P.S. personalmente,non mi(frega)interessa nulla se in tanti processi abbia “gabbato” le sentenze di colpevolezza,VISTO CHE le stesse sono andate in prescrizione e/o assolto, grazie a leggi, neL frattempo cambiate(da lui )Rimane il dato oggettivo:Ha sempre fatto gli affaracci suoi,infischiandosene delle leggi,che si dicono ” ESSERE UGUALI PER TUTTI” ma che i fatti dimostrano non essere cosi-Un’uomo che si comporta cosi(e si è sempre comportato cosi )E’ DA CONDANNARE-Un persona che crede d’essere un semiDio,e per questo vuole essere adorato e stare sopra ogni cosa,sopra tutti noi,SOPRA QUALUNQUE LEGGE,E’ DA CONDANNARE- Berlusconi fa” concorrenza sleale” a chi,contrariamente a lui, bene si comporta-I cretini pensano ,che lui sia un furbo e si sa,l’Italeitta è dei furbi;salvo poi schierare una miriade di Avvocati che giurano essere l’uomo piu’ bersagliato d’Italia,mai nessuno di loro si è mai è fatto un esame di coscienza.
Se è vero che esite il buon Dio e che costui,magari paga tardi, ma paga,allora penso che:Un’uomo che ArrivA a mettere in mezzo i propi figli ,a giurare sulle loro teste,qualunque cosa,possa loro accadere,è stato egli stesso a chiederne condanna…DIVINA!!Se,per tutti noi,vale il detto”Chi è causa el suo mal,pianga se stesso,altrettanto,DEVE VALERE PER LUI!!!
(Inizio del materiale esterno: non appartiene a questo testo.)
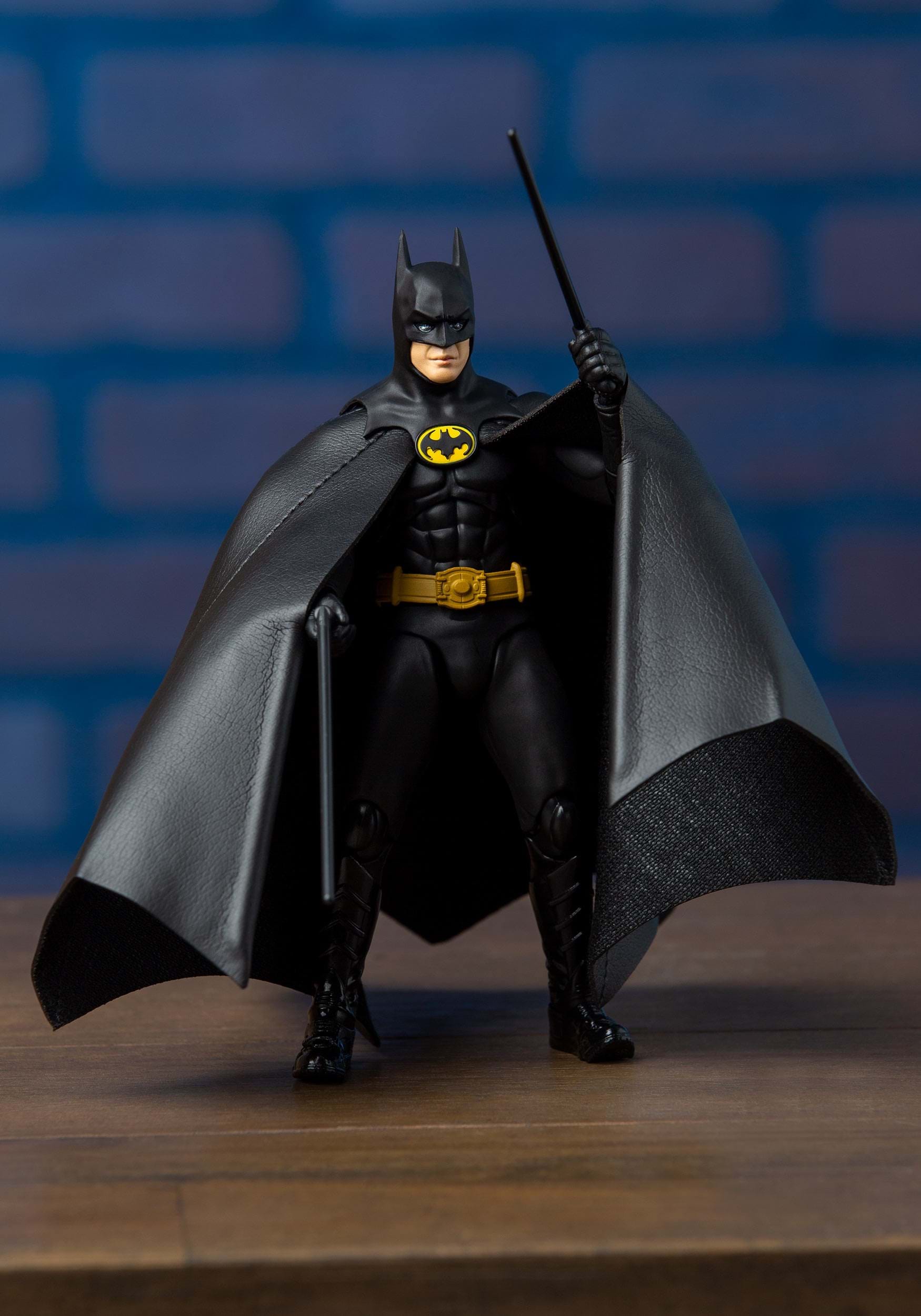 Batman 1989 Bandai Tamashii Nations S H Figuarts Action Figure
Romina scusami ma mi sembra che tu sita menando il can per l’aia,come si suol dire. Il mio commento intendeva evidneziare l’infondatezza di quanto da te affermato: E ribadisco che la stampa italiana, rispetto a quella straniera, non ha il vizio di sbattere in prima pagina commenti offensivi nei confronti degli altri capi di stato e degli altri paesi.Inoltre,per riprendere uno dei vs esempi, le notizie di cronaca sugli stupri non dicevano “gli albanesi o i rumeni sono stupratori” ma “una donna è stata stuprata da XXX”.
Ciao
@Gabry, dov’è che avrei esposto le mie idee su Berlusconi e suoi suoi processi e tutto il resto che scrivi?
@Patrizia. Scusa, ma dal tuo commento io non ho visto l’infondatezza del mio, come sopra scritto, anzi mi sembra che gli esempi di titoli da te riportati lo confermino (fatte le dovute eccezioni vedi sopra). Ma vabbè, si potrebbe andare avanti ad oltranza.
Avevo cercato di attenermi solo agli articoli riportati negli specifici post perchè mi pareva che questo fosse l’intento del sito. Invece, ogni volta mi trovo a leggere commenti sui miei commenti,che però non si limitano ai miei commenti ma generano massimi sistemi berlusconei supponendo cose che non mi son mai passate per la testa. Così è facile che si vada “fuori tema” e si perda il senso del commento iniziale.Ma ho sbagliato io a ricommentare e non lasciar correre.
Ricordate che esistono molte persone che non si identificano nè pro nè contro Berlusconi (che ormai qui non è più questione di dx o sx) ma cercano di guardare alle cose caso per caso.